= Beginning of Section =

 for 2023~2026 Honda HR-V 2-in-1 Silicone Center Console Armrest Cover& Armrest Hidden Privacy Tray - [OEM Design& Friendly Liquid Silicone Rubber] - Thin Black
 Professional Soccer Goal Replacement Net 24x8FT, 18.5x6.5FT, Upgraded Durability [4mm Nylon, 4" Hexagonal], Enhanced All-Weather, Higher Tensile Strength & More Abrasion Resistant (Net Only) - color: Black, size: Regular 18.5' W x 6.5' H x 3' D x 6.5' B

= End of Section =
= Beginning of Section =

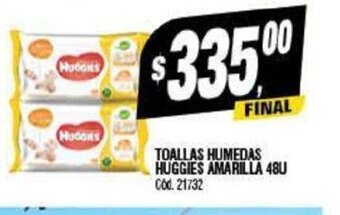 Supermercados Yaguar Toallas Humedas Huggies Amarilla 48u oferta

= End of Section =

- _Required action_
Number of lines holding the word "Black" in the material: give this value and nothing more.

- _Answer below_
2